Real-World Pipeline: Contract Intelligence¶

graph TB
    START([Contract Upload]) --> EXTRACT[AI Extract Entities]
    EXTRACT --> CLASSIFY[AI Classify Document Type]
    CLASSIFY --> CHECK{Confidence >= 0.9?}

    CHECK -->|Yes| ENRICH[Enrich with Wikidata]
    CHECK -->|No| APPROVAL[Request Human Review]

    APPROVAL -->|Approved| ENRICH
    APPROVAL -->|Rejected| REJECT[Mark Invalid]

    ENRICH --> VERIFY[Verify Claims]
    VERIFY --> CONTRA[Detect Contradictions]
    CONTRA --> HASCONTRA{Has Contradictions?}

    HASCONTRA -->|Yes| NOTIFY[Notify Legal Team]
    HASCONTRA -->|No| ROUTE[Route to Folder]

    NOTIFY --> ROUTE
    ROUTE --> ANCHOR[Anchor to Hedera]
    ANCHOR --> END([Complete])

    REJECT --> END

Nodes: 1. AI Extract Entities (Gemini - cost-effective bulk processing) 2. AI Classify (Claude - high-accuracy reasoning) 3. Condition (check confidence threshold) 4. Approval (human-in-the-loop gate) 5. Enrich (external Wikidata lookup) 6. Verify Claims (GOLAG agent verification) 7. Detect Contradictions (symbolic graph query) 8. Condition (check contradiction status) 9. Notify (WebSocket + email alert) 10. Route (move to appropriate folder) 11. Anchor (Hedera consensus anchoring)

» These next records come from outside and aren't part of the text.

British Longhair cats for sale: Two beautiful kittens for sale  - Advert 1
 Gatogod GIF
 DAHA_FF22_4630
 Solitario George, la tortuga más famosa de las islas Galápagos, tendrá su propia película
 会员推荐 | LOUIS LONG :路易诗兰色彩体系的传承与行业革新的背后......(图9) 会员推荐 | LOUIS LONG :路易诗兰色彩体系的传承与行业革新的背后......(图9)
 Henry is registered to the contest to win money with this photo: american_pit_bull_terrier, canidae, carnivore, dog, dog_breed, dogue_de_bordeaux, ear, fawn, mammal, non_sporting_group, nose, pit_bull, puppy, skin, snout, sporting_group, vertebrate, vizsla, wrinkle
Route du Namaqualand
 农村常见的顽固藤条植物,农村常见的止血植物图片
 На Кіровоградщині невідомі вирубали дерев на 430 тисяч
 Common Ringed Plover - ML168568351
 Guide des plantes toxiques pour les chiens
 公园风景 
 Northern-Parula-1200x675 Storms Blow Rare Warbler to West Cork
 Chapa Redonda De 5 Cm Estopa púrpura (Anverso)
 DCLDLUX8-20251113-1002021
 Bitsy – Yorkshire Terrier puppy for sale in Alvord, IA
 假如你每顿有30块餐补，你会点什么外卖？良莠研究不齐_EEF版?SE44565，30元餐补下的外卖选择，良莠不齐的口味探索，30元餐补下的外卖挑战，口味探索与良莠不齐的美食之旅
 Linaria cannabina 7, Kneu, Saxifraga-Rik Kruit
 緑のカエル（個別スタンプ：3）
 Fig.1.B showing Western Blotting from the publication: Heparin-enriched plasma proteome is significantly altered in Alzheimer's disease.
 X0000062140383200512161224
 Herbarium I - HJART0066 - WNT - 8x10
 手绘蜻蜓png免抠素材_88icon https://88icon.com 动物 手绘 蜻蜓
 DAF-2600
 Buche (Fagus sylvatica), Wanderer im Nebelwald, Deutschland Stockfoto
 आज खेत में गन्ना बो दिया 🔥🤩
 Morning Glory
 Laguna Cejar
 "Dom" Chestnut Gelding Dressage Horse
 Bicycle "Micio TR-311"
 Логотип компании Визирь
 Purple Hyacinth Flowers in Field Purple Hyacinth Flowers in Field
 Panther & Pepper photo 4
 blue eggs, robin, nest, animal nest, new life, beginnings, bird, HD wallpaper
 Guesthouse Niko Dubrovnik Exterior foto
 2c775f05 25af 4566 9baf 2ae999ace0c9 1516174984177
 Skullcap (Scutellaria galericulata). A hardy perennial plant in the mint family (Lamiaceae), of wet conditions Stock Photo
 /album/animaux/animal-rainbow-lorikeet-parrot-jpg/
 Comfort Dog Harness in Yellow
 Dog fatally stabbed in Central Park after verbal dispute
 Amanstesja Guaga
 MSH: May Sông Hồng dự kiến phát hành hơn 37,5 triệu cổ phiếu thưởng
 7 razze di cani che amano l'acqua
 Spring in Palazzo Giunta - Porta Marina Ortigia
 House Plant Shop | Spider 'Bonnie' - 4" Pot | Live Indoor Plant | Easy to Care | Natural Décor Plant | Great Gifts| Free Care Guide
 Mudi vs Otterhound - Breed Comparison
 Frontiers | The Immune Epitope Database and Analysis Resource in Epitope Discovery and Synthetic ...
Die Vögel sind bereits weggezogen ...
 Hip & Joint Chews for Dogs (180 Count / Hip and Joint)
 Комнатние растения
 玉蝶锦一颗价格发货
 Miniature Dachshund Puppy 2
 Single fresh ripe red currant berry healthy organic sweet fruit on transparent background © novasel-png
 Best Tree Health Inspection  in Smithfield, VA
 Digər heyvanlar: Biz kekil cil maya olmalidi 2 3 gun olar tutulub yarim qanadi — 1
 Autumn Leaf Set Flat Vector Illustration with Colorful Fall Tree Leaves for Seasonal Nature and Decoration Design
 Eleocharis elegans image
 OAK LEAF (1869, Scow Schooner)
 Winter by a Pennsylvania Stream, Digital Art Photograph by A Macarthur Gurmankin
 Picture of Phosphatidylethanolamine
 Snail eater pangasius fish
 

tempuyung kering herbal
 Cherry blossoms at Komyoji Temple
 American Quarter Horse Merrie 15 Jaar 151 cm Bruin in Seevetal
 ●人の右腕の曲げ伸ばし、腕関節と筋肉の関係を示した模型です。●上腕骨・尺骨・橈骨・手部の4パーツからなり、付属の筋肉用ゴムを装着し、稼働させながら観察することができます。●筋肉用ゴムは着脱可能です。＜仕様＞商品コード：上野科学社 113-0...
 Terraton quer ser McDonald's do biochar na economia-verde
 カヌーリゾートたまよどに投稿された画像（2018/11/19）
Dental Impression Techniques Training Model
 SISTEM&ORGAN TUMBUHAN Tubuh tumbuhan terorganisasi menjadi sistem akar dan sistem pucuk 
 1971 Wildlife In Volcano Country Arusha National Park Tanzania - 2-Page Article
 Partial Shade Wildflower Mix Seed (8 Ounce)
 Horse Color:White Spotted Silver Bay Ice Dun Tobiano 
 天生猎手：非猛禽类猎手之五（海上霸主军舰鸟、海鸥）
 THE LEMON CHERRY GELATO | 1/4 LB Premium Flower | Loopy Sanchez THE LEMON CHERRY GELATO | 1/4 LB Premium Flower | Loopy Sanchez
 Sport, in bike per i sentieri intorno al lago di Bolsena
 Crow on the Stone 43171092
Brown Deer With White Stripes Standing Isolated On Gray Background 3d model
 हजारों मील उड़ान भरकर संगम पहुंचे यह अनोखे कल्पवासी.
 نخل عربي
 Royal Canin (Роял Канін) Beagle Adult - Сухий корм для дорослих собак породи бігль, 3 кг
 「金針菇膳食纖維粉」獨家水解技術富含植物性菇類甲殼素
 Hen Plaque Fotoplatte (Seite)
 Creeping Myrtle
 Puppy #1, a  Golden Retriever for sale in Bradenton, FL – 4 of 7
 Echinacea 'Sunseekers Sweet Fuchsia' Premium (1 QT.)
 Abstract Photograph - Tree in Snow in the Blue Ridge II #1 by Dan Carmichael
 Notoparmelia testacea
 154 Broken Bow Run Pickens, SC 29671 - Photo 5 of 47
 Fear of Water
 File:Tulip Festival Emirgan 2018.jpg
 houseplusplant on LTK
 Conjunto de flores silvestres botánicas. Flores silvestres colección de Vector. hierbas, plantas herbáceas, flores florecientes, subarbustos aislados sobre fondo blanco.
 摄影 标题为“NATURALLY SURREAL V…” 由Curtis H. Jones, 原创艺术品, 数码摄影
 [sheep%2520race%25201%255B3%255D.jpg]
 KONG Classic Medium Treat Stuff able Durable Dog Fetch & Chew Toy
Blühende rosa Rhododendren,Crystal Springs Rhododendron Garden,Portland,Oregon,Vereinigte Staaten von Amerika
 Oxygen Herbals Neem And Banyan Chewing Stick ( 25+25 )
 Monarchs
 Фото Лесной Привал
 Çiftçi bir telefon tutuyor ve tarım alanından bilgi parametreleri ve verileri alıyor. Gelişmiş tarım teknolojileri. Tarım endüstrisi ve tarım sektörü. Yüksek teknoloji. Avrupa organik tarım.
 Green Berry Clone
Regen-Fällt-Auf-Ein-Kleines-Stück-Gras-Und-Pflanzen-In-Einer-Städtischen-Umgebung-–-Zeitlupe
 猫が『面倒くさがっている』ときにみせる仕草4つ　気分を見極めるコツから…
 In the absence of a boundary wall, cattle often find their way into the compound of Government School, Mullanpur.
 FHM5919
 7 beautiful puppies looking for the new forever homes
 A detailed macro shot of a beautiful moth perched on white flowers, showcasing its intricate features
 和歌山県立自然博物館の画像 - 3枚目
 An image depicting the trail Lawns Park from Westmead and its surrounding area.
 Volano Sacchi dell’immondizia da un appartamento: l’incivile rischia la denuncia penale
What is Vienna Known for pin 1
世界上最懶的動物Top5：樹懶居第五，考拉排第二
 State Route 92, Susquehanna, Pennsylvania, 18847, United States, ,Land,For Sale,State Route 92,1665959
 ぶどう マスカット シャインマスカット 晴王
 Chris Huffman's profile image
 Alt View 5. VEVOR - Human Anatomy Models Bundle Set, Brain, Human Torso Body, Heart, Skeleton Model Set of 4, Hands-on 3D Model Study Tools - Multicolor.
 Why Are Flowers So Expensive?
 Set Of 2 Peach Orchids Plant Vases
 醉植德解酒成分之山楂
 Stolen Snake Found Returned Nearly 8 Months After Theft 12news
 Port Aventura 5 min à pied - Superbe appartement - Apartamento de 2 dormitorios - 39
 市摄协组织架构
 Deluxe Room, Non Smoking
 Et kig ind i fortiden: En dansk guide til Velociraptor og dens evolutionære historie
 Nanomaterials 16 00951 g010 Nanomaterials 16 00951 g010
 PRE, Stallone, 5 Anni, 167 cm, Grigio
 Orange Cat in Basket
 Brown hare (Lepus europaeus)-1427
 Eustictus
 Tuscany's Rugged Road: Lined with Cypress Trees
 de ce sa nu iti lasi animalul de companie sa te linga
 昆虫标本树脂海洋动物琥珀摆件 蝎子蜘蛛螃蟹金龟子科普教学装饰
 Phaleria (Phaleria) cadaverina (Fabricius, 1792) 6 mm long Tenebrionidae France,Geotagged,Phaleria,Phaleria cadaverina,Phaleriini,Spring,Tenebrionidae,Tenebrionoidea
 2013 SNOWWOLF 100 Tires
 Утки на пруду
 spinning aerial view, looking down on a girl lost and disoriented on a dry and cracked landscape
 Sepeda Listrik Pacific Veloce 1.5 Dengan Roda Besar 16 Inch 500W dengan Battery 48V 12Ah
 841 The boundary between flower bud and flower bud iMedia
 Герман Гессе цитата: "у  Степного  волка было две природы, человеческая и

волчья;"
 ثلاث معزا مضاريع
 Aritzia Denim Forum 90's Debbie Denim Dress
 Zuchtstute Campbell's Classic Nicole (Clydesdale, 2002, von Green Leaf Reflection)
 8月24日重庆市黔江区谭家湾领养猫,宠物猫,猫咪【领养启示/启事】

Duration: ~2-5 minutes (with parallel execution) Cost: ~0.15 AI credits (Gemini bulk + Claude reasoning)

Statistics Tracking¶

Every DAG execution records: - Success rate per node type - Average duration per node - Error frequency and categorization - Approval wait times - Escalation rates

Dashboard Metrics:

DAG: Contract Intelligence
├─ Executions: 1,247
├─ Success Rate: 94.3%
├─ Avg Duration: 3m 22s
├─ Approval Rate: 12.4%
├─ Escalation Rate: 2.1%
└─ Cost per Execution: 0.14 credits

Tier Gating¶

Tier	DAG Access	Features
Free/Starter	None	No DAG orchestration
Pro	Read-only	View sample DAGs, can't create
Team	5 DAGs, 2000 executions/mo	All node types except BYOB AI
Enterprise	Unlimited	All features + BYOB AI + Custom nodes

Use Cases¶

1. Invoice Processing¶

Upload → Extract Fields → Verify Amounts → Check Duplicates → Approval (>$10k) → Route → Export to Accounting

2. Compliance Scanning¶

Upload → Scan for PII → Classify Sensitivity → High Risk? → Approval → Tag → Notify Compliance Team → Archive

3. Knowledge Graph Enrichment¶

Upload → Extract Entities → Enrich with Wikidata → Verify Claims → Detect Contradictions → Anchor to Hedera

4. Multi-Document Analysis¶

Upload Batch → Extract from All → Aggregate Data → AI Compare → Generate Report → Notify Stakeholders

Benefits¶

1. Consistency¶

Same pipeline runs on every document—no human variance.

2. Auditability¶

Every step logged with: - Input/output data - Execution time - AI confidence scores - Approval decisions - Error traces

3. Scalability¶

Parallel execution + worker pools = hundreds of documents per hour.

4. Flexibility¶

Mix AI processing, human judgment, external tools in any sequence.

5. Cost Control¶

Gemini for bulk tasks (99% cheaper than Claude)
Claude for reasoning tasks (when accuracy matters)
Caching to avoid redundant AI calls

What This Enables¶

Manual Processing	DAG Orchestration
Human does every step	Human approves key decisions only
Inconsistent logic	Same pipeline every time
Hours per document	Minutes per document
No audit trail	Complete execution logs
Can't scale	Parallel execution at scale
Opaque reasoning	Transparent node outputs

The Result¶

Complex multi-step intelligence processing that: - Scales (hundreds of documents per hour) - Adapts (human-in-the-loop for edge cases) - Verifies (GOLAG agents check AI outputs) - Audits (every step logged for compliance) - Integrates (external tools via MCP)

Not "document automation"—intelligence orchestration.

Workflows that think, not just execute.